This morning I woke up to the sound of my parents talking over
their normal Friday morning coffee. As usual I catch myself listening to them
share information about one another's life, rather than falling back asleep as
I wish to do every morning (even during school). In some alternative universe I
imagine myself as some sort of sleep goddess...Nothing to abnormal. I’m sure
other peoples parents have some sort of alternative to my parent's morning
coffee consultations, but to explain why parent do this so frequent, my dad is
always working and my mom is (mostly) a stay at home mom. A majority of the
time my dad is either out of the house working or sleeping because of the late
hours he works on his second job, Fridays are the only regular days he
has off from work. Another secret reason they talk this early might have
something to do with my still sleeping little sisters, they might know I listen
in they might not I honestly don't care.
Anyway...Like
always I only start paying attention when our family matters is the main object
of the conversation.
My name slipped
into the conversation. Lately my mom has been talking about my fall
extra-curricular, in other words what I'm going to do with the "black
hole" of time I have between my never done homework (which by the way I
signed up for 2-3 Honors classes and 1 AP class) and girl scouts (We've stopped
going to the regular meetings so it's only time before I quit).
I honestly don't
know what I want to do either; it's to the point where my parents are making
the choice without me. I've expressed my interest in computer related careers
before; my dictating mother just doesn't think any of my ideas are
"heavenly spotlight" great, nothing more than another crumbled piece
of paper next to the hypothetic trash bin. I heard Mother mentioning unhealthy
and computers in the same sentence, I almost cried.
My mom’s opinion
of extra-curricular is time filler with benefits. Of course computers can fill
that spot, but she just doesn't like it as much as I do, mom Im sorry my future
is enviably going to be computer related, I guarantee that in my
generation somebody is going to invent flying cars. (Easier said than done, right
generation Ys?)
I know when she
says unhealthy she means exercise, normally I would play rec. soccer
(recreational). I used to believe someday I'd be Mia Hamm good, and that by sophomore
year I would have Varsity in the bag. What killed my light? Our local leagues'
"alpha" soccer tryouts. Of course it's not called that, but to make
it more understandable to pretty much everyone else that doesn't play in my
home town's rec. soccer league. The tryouts where tough, and I didn't make it.

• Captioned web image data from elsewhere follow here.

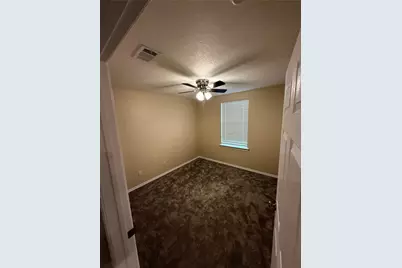 400 Blackwood Street #402, Gainesville, TX 76240 - Photo 5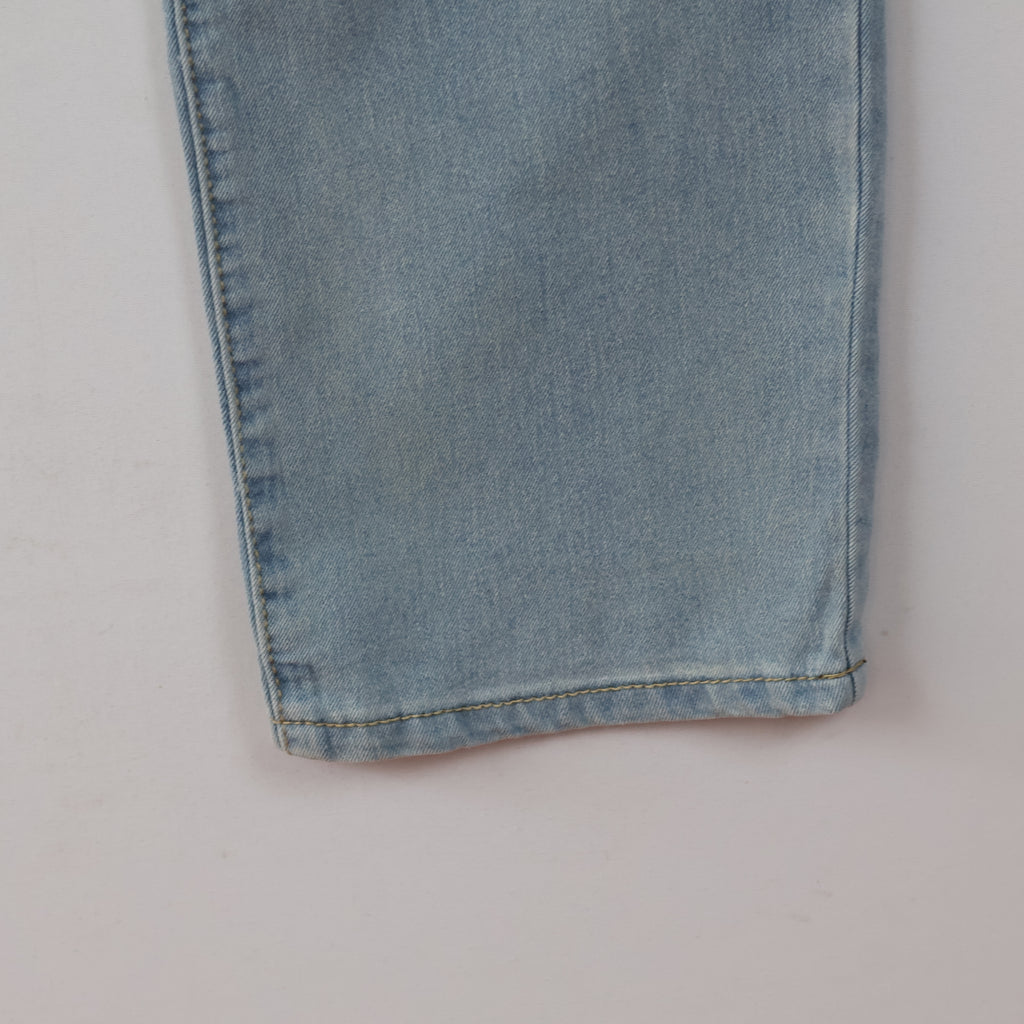 Thrifted Men's Diva Jean Comfort Fit Light Blue Denim Waist: 32/ J1077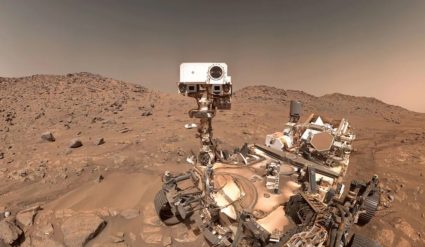 (Perseverance rover takes a selfie on Mars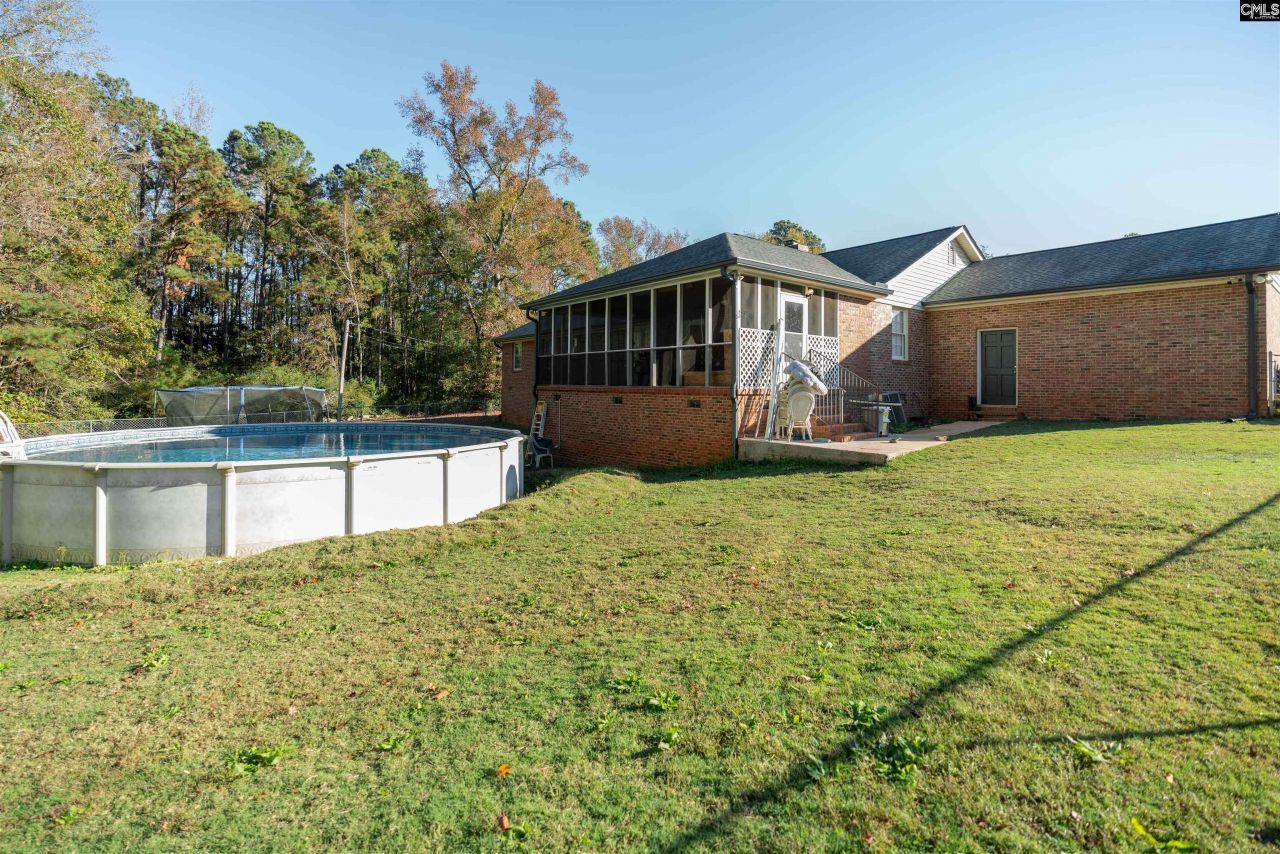 142 Hunstanton Drive Photo 12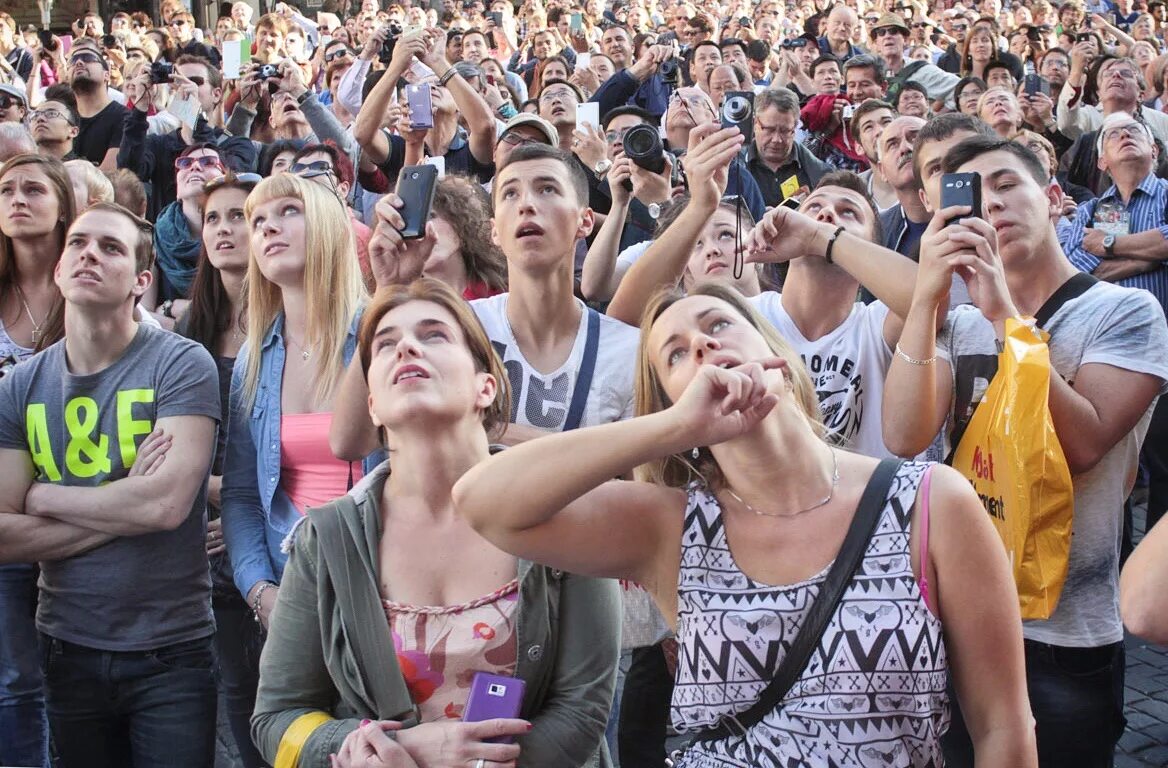 Массовая культура в политике. Массовая культура. Массовая культура в политике. Массовое сознание арт. Стена джона леннона в праге.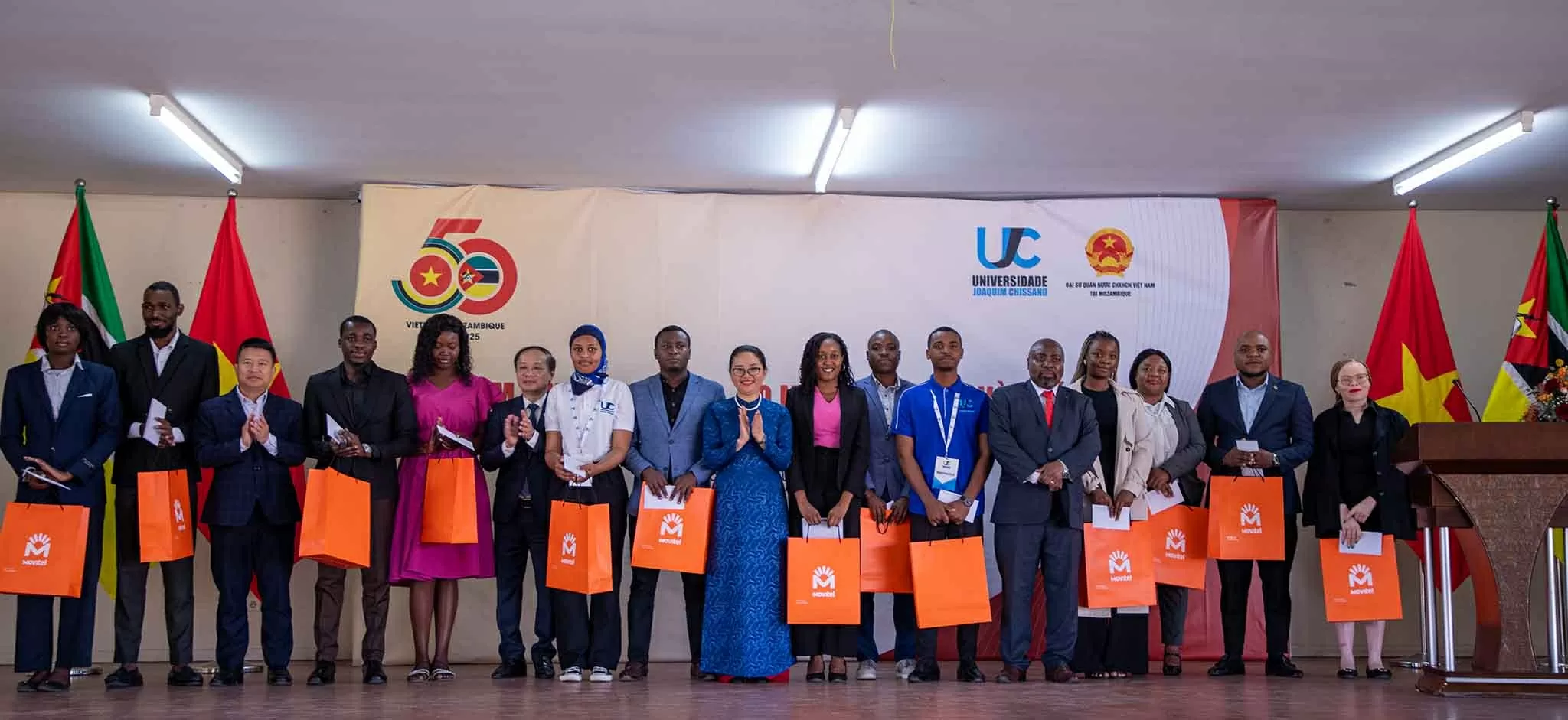 Khai mạc triển lãm ảnh ‘Việt Nam-Mozambique: 50 năm đoàn kết và phát triển’ Khai mạc triển lãm ảnh ‘Việt Nam-Mozambique: 50 năm đoàn kết và phát triển’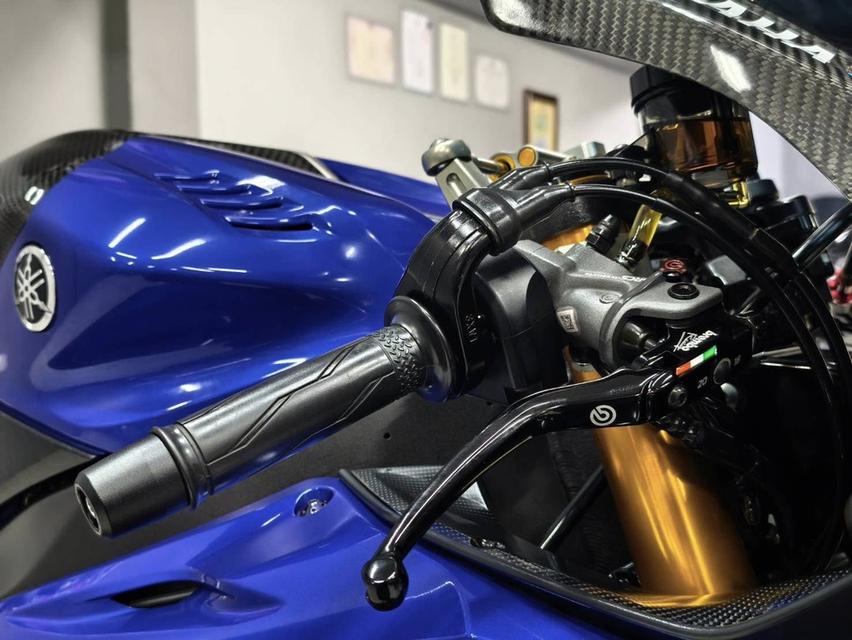 YAMAHA R6 ปี 2018 ABS สปอร์ตตัวโหด ของแต่งหลักแสน หล่อจัดเต็ม รูปที่ 13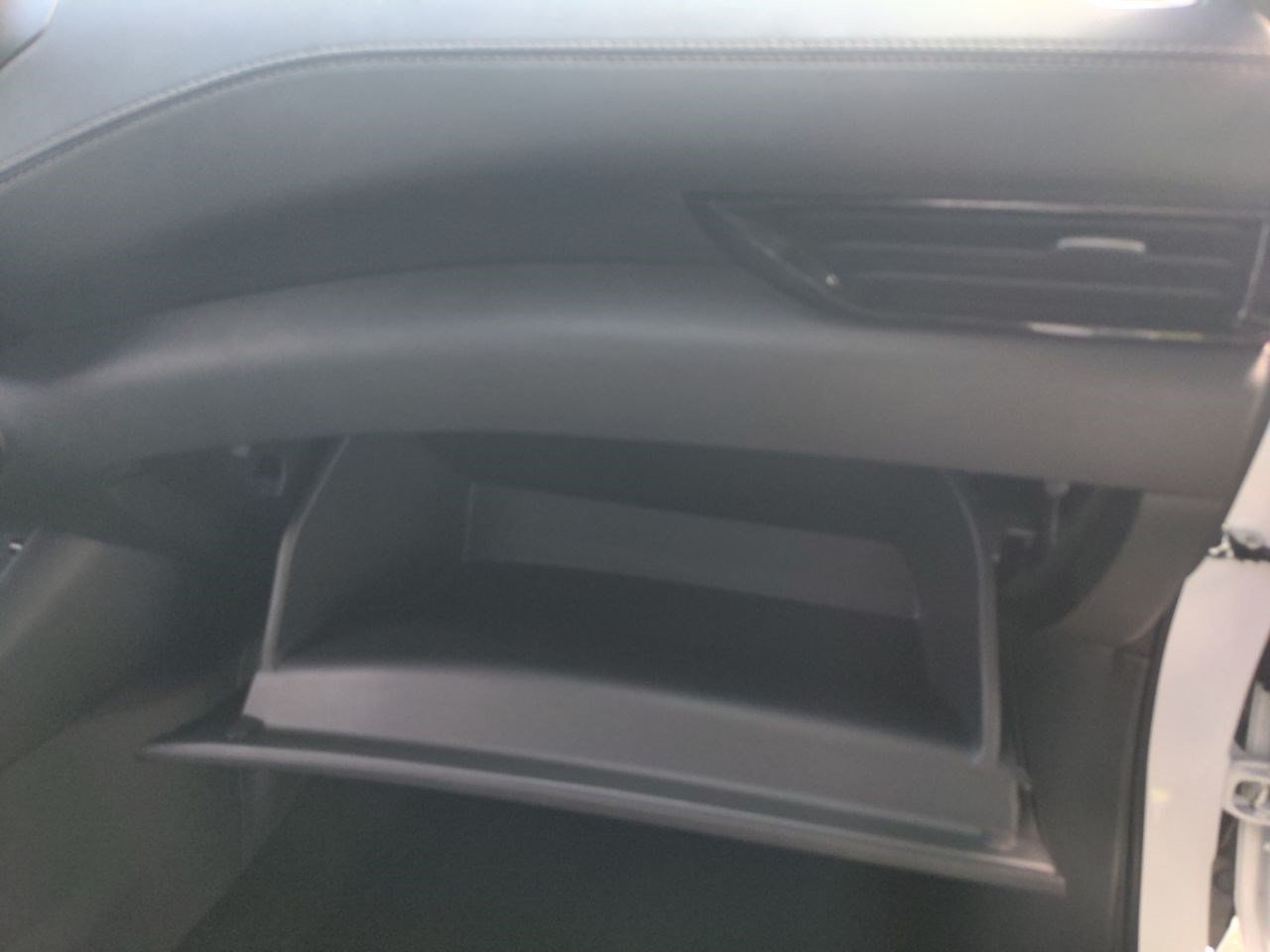 Used 2025 Nissan Sentra SV FWD image 44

I over estimated my super powers and un-heroically I sat in the corner of the
room and cried.
On that note,
soccer was just something I did in my "free time". To be a soccer
super star you need the correct knowledge of soccer, something that only a few
people know. Hopping into the league like I tried almost never works, you have
to join when you’re younger, and hardly anyone thinks about being a proper Mia
Hamm at the correct age. It's really stupid; everyone is being belittled by the
program. I promised myself to try again next year (but only if I was still
interested in soccer by then).
The other day one
of my mom’s friends suggested that instead I should work for something
different all together, getting a job. Anyone my age wouldn't pass this up,
working for money. MONEY! I could do so much if i just had a little more money
in my life...But one does not simply walk into a store and ask for a job. Or a
fast food restaurant. Or anywhere. That’s my problem. I don't know where I
would work. A start decision would be to work somewhere that could open a door
for my future...and unhelpfully I still don't know where I want to work in the
future, I don't have the bittiest of a clue. Another smart decision would be to
work where you could get any sort of discount, a useful discount at that.
Can we just assume
I don't have my life together enough to even come close to this? After all, I
started this blog as personalized way to understand how to organize my
thoughts. Not also to mention I made this to work on my horrible grammar. I’m
still stuck. Please oh please mom! DON'T sign me up for golf lessons!